ホルムズ海峡封鎖・イラン戦争リスクに備えて買っておくもの|物価高に強い食品備蓄リスト

この記事では、原因・確認ポイント・自力対応の限界・相談判断の流れを整理します。

ホルムズ海峡封鎖やイラン情勢の悪化がニュースになると、「日本の食料は足りるのか」「今のうちに何を買っておくべきか」と不安になる方は多いのではないでしょうか。

結論からいうと、ホルムズ海峡の通航不安がすぐに家庭の食卓から食品を消すとは限りません。しかし、原油・燃料・物流・包装資材・電気代などに影響が出ると、食品価格や日用品価格がじわじわ上がる可能性があります。日本は原油の中東依存度が9割を超えており、LNGは原油ほどではないものの中東依存度が約1割あると資源エネルギー庁が説明しています。

また、2026年3月には中東情勢を受け、ホルムズ海峡を原油タンカーが事実上通れない状況が続き、中東から日本への原油輸入が大幅に減少したとして、経済産業省が国家備蓄原油の放出を発表しています。

だからこそ大切なのは、不安に任せて買い占めることではありません。普段から食べる食品を少し多めに持ち、古いものから使って買い足すローリングストックで、家庭内在庫を厚くしておくことです。

この記事では、ホルムズ海峡封鎖・イラン戦争リスクによる物価高に備えて、家庭で買っておきたい食品、備蓄量の目安、買いすぎを防ぐローリングストックの考え方を整理します。

ホルムズ海峡封鎖で家庭の食品価格に影響が出る理由

ホルムズ海峡は、中東の原油やLNGなどの輸送に関わる重要な海上ルートです。日本の食料品そのものがすべてホルムズ海峡を通っているわけではありませんが、原油・燃料・ガス・物流コストが上がると、食品の製造、配送、包装、冷蔵、農業資材などに広く影響する可能性があります。

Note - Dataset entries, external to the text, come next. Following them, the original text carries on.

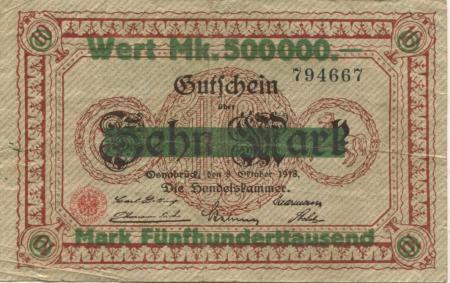 Osnabrück - Handelskammer - - 25.8.1923 - 500000 Mark 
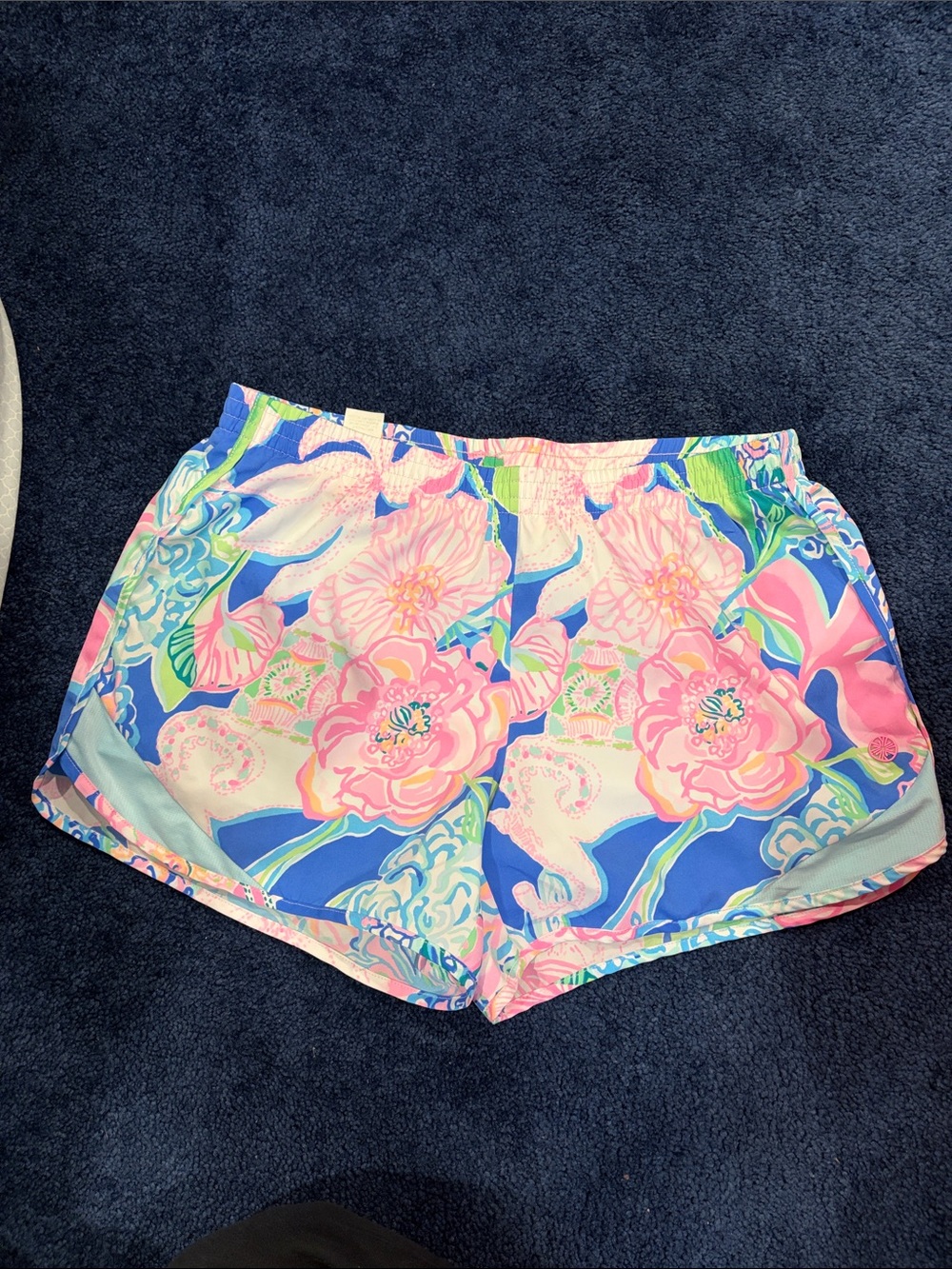 Lilly Pulitzer Blue, Pink & Green Floral Athletic Shorts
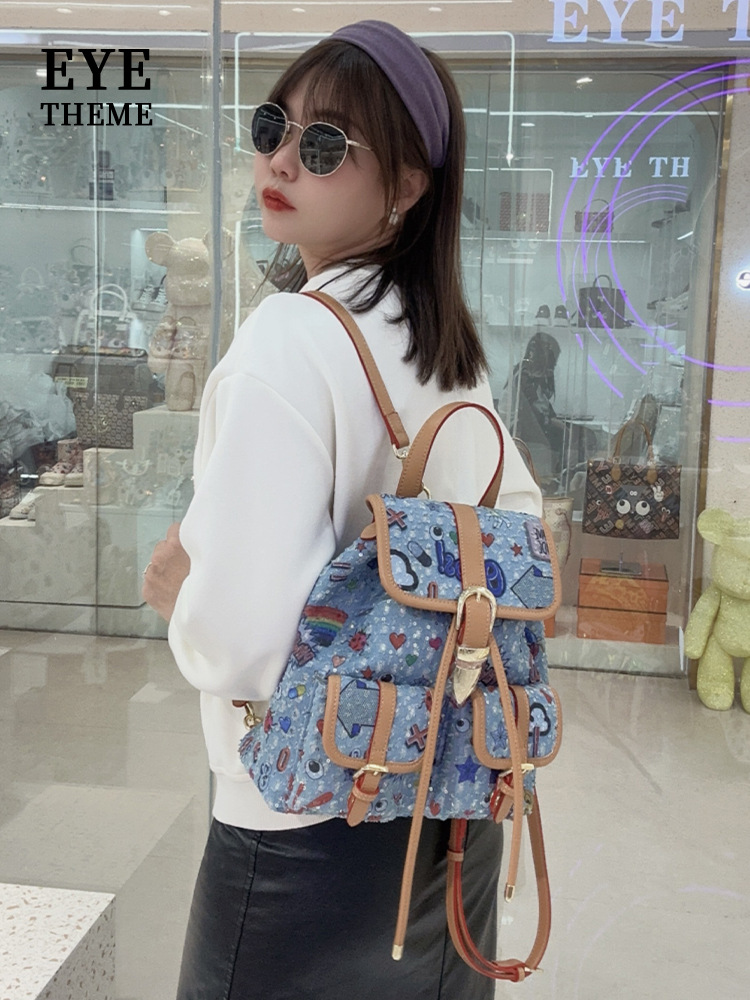Color de contraste de flip de gran capacidad de bolsillo independiente de denim bolsas bordadas de viaje de estudiantes impresión 2711 #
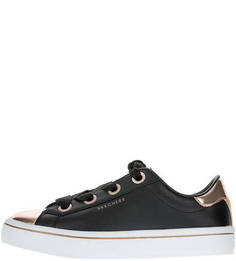 Черные кожаные кеды на шнуровке Skechers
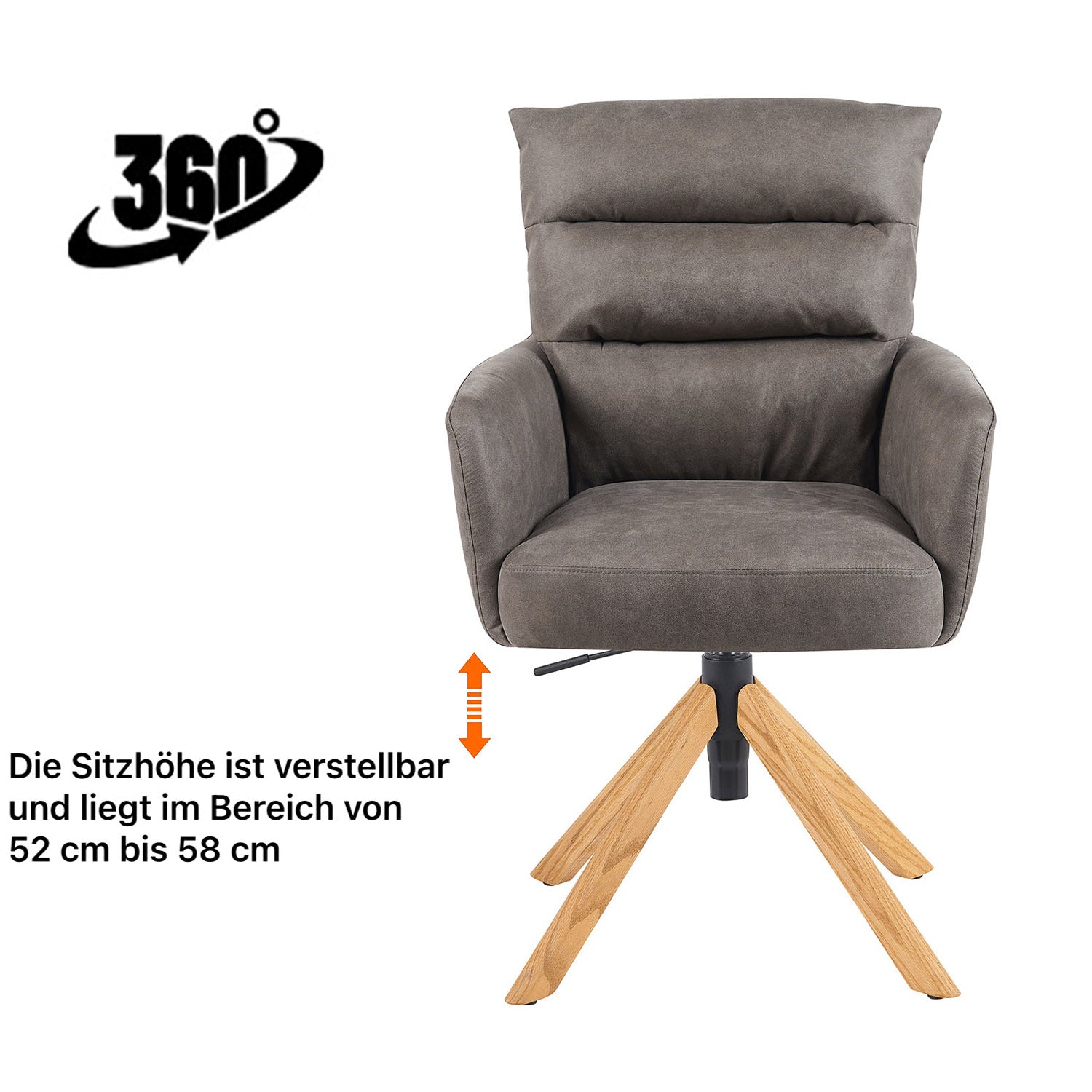 Esszimmerstuhl Mika-Tesa 2er-Set | 360° drehbar | höhenverstellbar | Eiche geölt Natur | DUBI Möbel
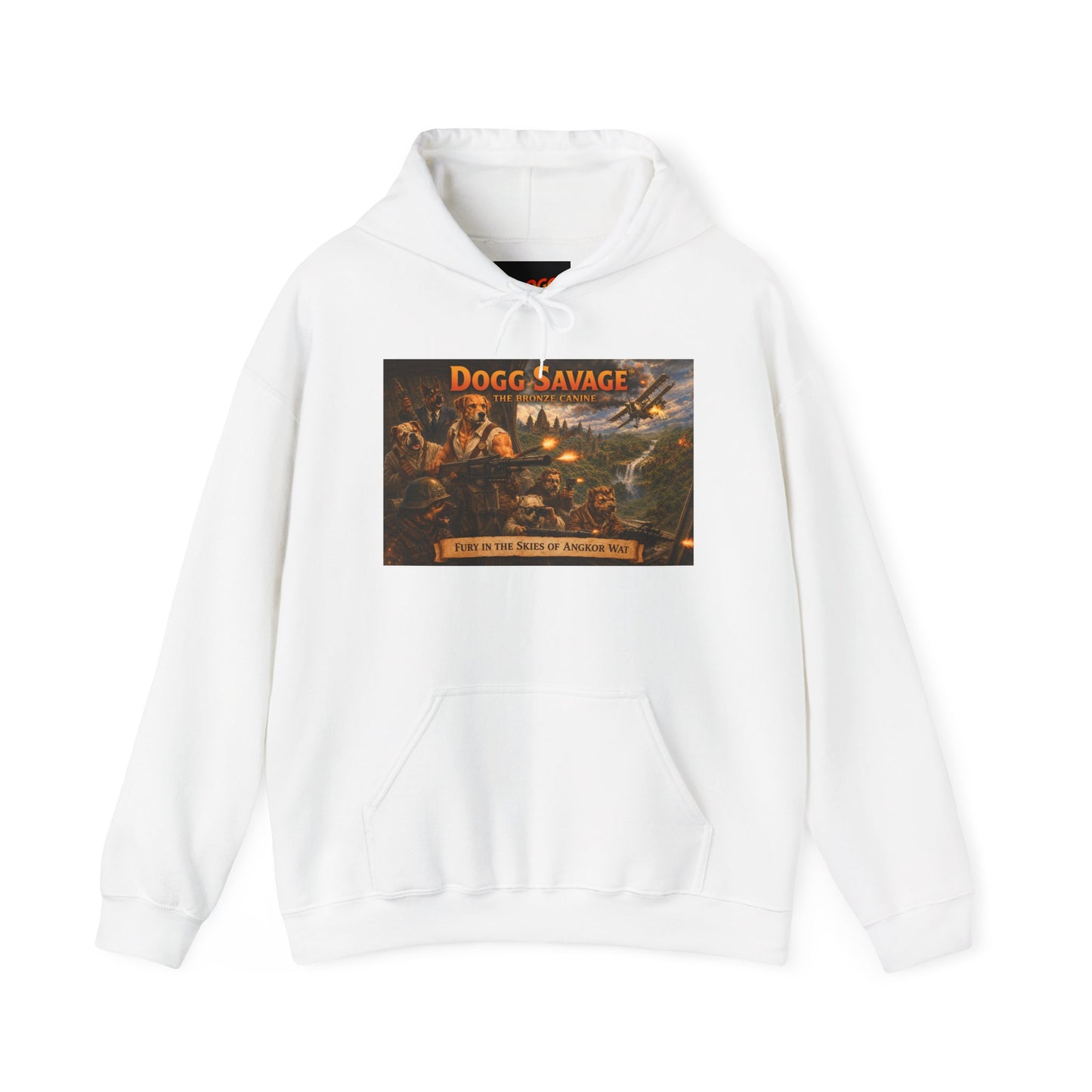 Dogg Savage Vintage Adventure Hoodie "Fury In The Skies Of Angkor Wat" — Retro Logo Pullover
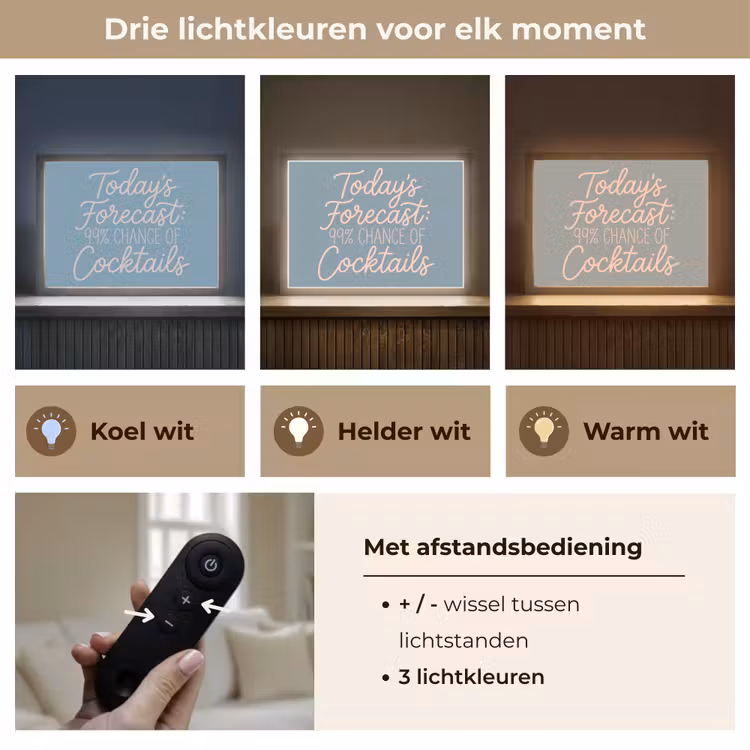 Today's Forecast - Cocktails - Blauw Light Box met batterij (Wandlamp) middel -USP_lichtkleurNL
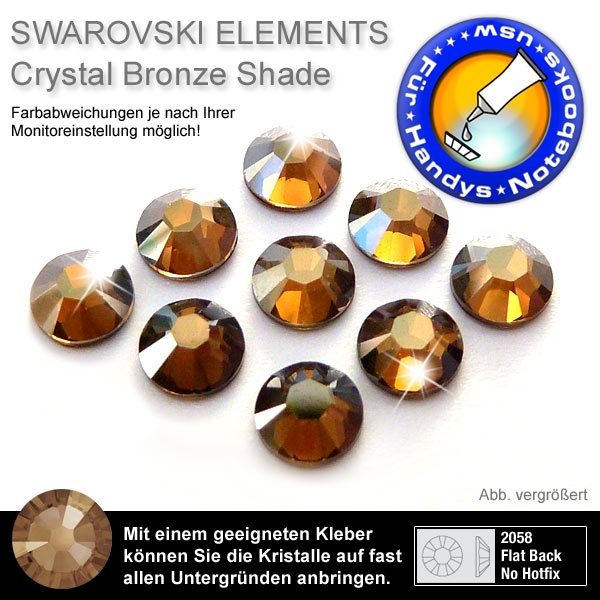 Swarovski 2058 XILION, SS9 Crystal Bronze Shade Strasssteine zum Aufkleben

JETROは、2026年3月時点でホルムズ海峡の通航停止状態により世界のエネルギー供給に注目が集まっていること、日本のLNG輸入量のうちホルムズ海峡経由は6.3%であること、日本の原油輸入は93.5%を中東に依存していることを報じています。

食品価格への影響は、次のような経路で出やすくなります。

  • ガソリン・軽油価格の上昇で物流費が上がる
  • 電気代・ガス代の上昇で食品工場や冷蔵倉庫のコストが上がる
  • 包装資材やプラスチック製品の価格が上がる
  • 輸入食品の輸送費が上がる
  • 外食・惣菜・冷凍食品の価格に転嫁される
  • 家計の固定費が増え、食費の負担感が強くなる

野村総合研究所の試算では、原油価格が上昇した場合、ガソリン価格や物価、実質GDPに影響が出る可能性が示されています。原油価格が1バレル100ドルで推移する場合、国内ガソリン価格や物価に上昇圧力がかかるとの見方も紹介されています。

まず備えるべきは「非常食」より普段食べる食品

物価高に備える食品備蓄では、非常食だけを大量に買うより、普段の食事で使う食品を少し多めに持つ方が現実的です。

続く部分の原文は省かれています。